13. Regarding his second detention from 10 July 2007, despite continuous searches by his mother and relatives, Mr. Al Chibani’s fate and whereabouts were not known to his family until 11 months after his arrest. His family found out that Mr. Al Chibani’s health condition was critical and that he had been subjected to acts of torture.
14. The Working Group reminds the Government of Libya that article 9, paragraph 2, of the International Covenant on Civil and Political Rights states that “anyone who is arrested shall be informed, at the time of arrest, of the reasons for his arrest and shall be promptly informed of any charges against him”. Both the Human Rights Committee and the former Commission on Human Rights have clarified that the fundamental aspect of such right consists in the possibility of contesting the legality of one’s detention. Resolution 1992/35 adopted by former Human Rights Commission on 28 February 1992, called on all States that have not yet done so to establish a procedure, such as habeas corpus, in order for all persons deprived of their liberty to institute proceedings before a court, which should decide without delay the lawfulness of his or her detention, and order his or her release if detention is found to be unlawful.
15. Mr. Al Chibani has been effectively deprived of his right to contest the legality of his arrest and detention. He has not been brought before a judge, nor has he been informed of any charges pending against him or notified of the reasons justifying his continued detention. Mr. Al Chibani has had no access to a lawyer or legal assistance, and has been kept incommunicado for extensive periods of his detention.

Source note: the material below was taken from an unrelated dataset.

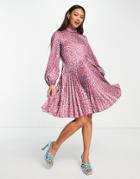 Closet London High Neck Pleated Mini Dress In Blue Animal Spot-multi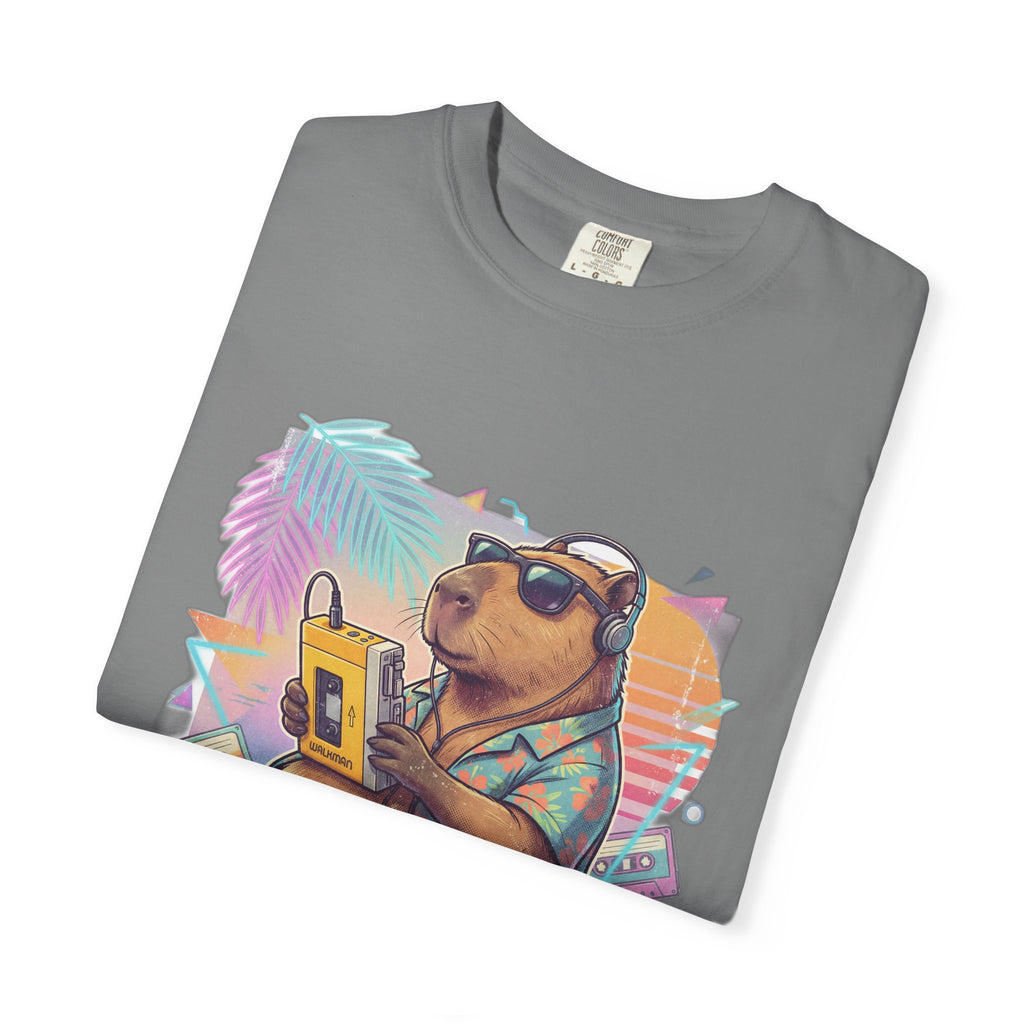 Vintage 80s Capybara T-Shirt — 'NOT TODAY' Neon Walkman Design - 100% Cotton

16. In light of the information received, and given that the Government has not provided any reasons to doubt the above allegations, the Working Group is of the opinion that the Libyan Arab Jamahiriya has violated articles 1, 2, 3, 5, 6, 7, 8, 9, 10 and 11 of the Universal Declaration of Human Rights as well as articles 2, 3, 7, 9, 10, 12 and 14 of the International Covenant on Civil and Political Rights. Consequently, the Working Group qualifies Mr. Al Chibani’s detention as arbitrary under categories I and III of the categories applicable to the consideration of the cases submitted to the Working Group.
17. Moreover, considering that the most apparent motive for Mr. Al Chibani’s detention and the abuses committed against him relates to his exercise of the right to freedom of opinion and expression in the form of his use of the Internet, the Working Group considers his detention arbitrary under category II of the categories applicable to the consideration of the cases submitted to the Working Group.
18. The foregoing considerations are also applicable to Mr. Al Chibani’s detention between 5 December 2005 and 14 October 2006.
19. In the light of the foregoing, the Working Group renders the following opinion:
The deprivation of liberty of Mr. Al Chibani during the period from 5 December 2005 and 14 October 2006, and during his current detention since 10 July 2007 is arbitrary, being in contravention of articles 1, 2, 3, 5, 6, 7, 8, 9, 10 and 11 of the Universal Declaration of Human Rights and articles 2, 3, 7, 9, 10, 12 and 14 of the International Covenant on Civil and Political Rights, and falling under categories I, II and III of the categories applicable to the consideration of the cases submitted to the Working Group.
20. Consequent upon the opinion rendered, the Working Group requests the Government of the Libyan Arab Jamahiriya to immediately release Mr. Al Chibani, and in conformity with article 9, paragraph 5, of the International Covenant on Civil and Political Rights, provide him with adequate reparation.
[Adopted on 3 May 2011]
* The name of the former Libyan Arab Jamahiriya has been changed to Libya as of 16 September 2011.